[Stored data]
┄┄┄┄┄┄┄┄┄┄┄┄┄┄┄┄┄┄┄┄
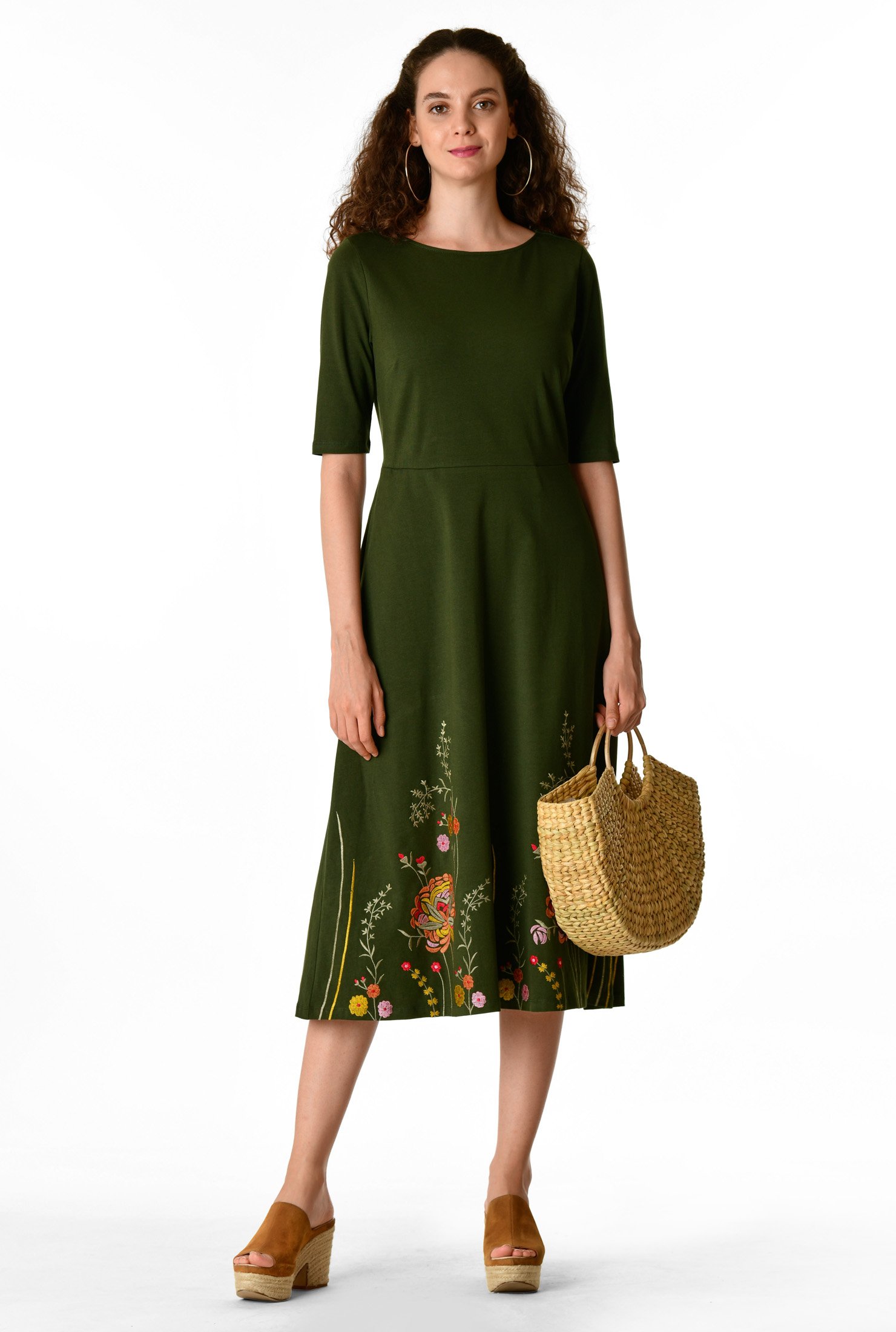 Floral embroidered cotton knit dress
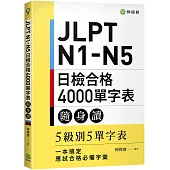 JLPT N1-N5 日檢合格 4000 單字表隨身讀： 5 級別 5 單字表，一本搞定應試合格必備字彙!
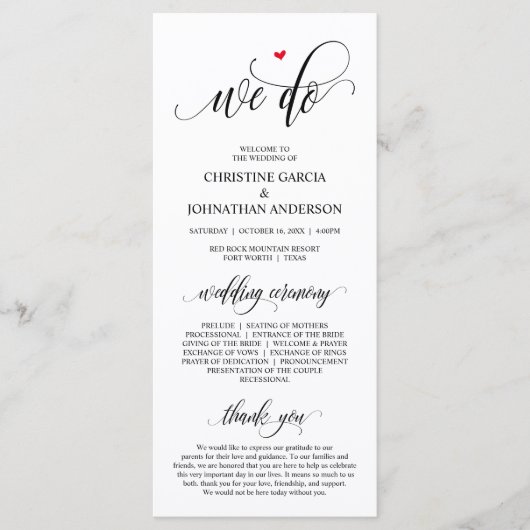 We doen dat, Modern Black Script, Wedding Ceremoni Programma (Voorkant)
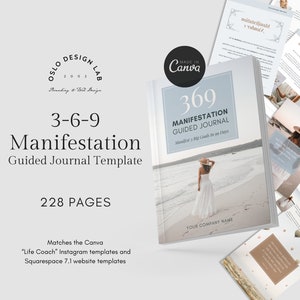May include: A blue and white journal cover with the text "369 Manifestation Guided Journal" and "Manifest 3 Big Goals in 90 Days". The journal has 228 pages and is made for Canva.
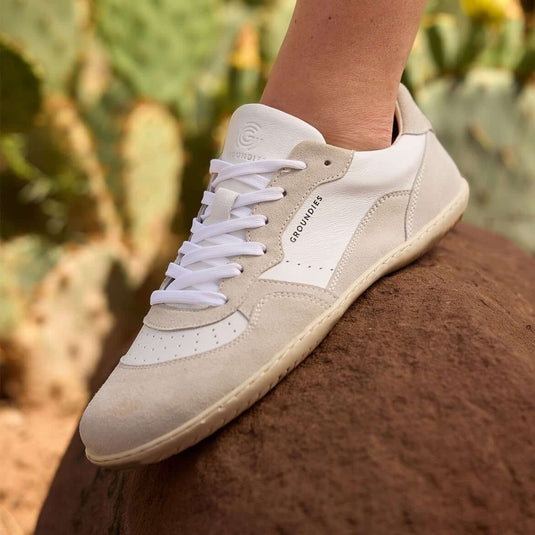 Groundies Nova GO1 Women's Barefoot Sneakers – White/Off-White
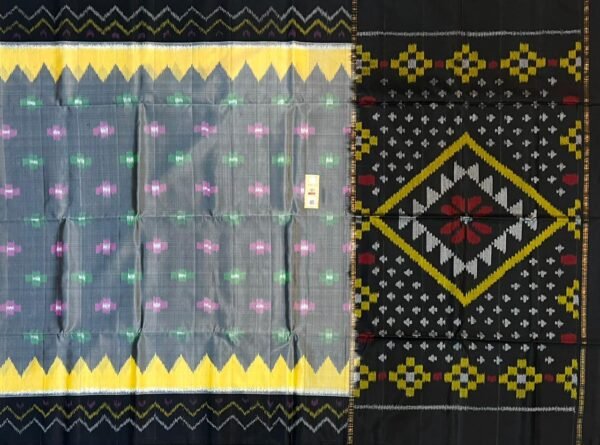 Exquisite Slate Grey & Jet Black Handloom Ikat Saree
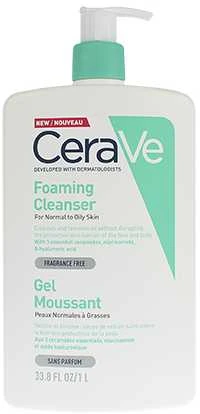Putojantis veido ir kūno prausiklis normaliai ir riebiai odai Cerave Foaming Cleansing Gel, 1000 ml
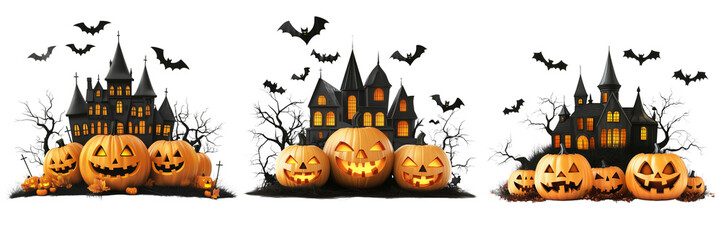 Fototapeta premium Set of A cozy front porch decorated for Halloween with an array of carved pumpkins on transparent png background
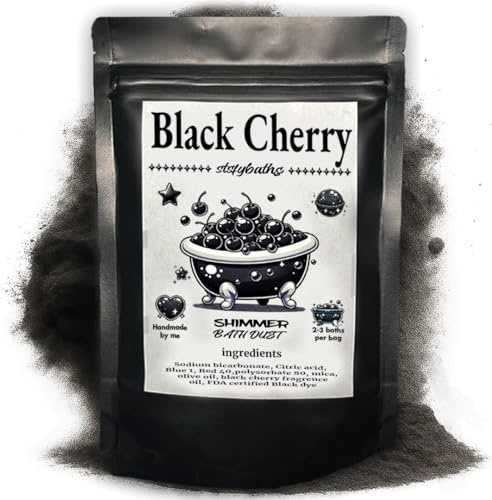 Stsfybaths Black Cherry Shimmer Bath Bomb in A Bag - Handmade Scented Bath Bombs for Women,Kids and Men - Bulk Bathbomb Fizzies Perfect for Boys and Girls All Ages (Small, Black)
┄┄┄┄┄┄┄┄┄┄┄┄┄┄┄┄┄┄┄┄
Prompt
The required output is the line containing "May include: A" plus every line after it to the end of the data, copied exactly and with no pictures.

Solution for this problem
May include: A blue and white journal cover with the text "369 Manifestation Guided Journal" and "Manifest 3 Big Goals in 90 Days". The journal has 228 pages and is made for Canva.
 Groundies Nova GO1 Women's Barefoot Sneakers – White/Off-White
 Exquisite Slate Grey & Jet Black Handloom Ikat Saree
Putojantis veido ir kūno prausiklis normaliai ir riebiai odai Cerave Foaming Cleansing Gel, 1000 ml
 Fototapeta premium Set of A cozy front porch decorated for Halloween with an array of carved pumpkins on transparent png background
 Stsfybaths Black Cherry Shimmer Bath Bomb in A Bag - Handmade Scented Bath Bombs for Women,Kids and Men - Bulk Bathbomb Fizzies Perfect for Boys and Girls All Ages (Small, Black)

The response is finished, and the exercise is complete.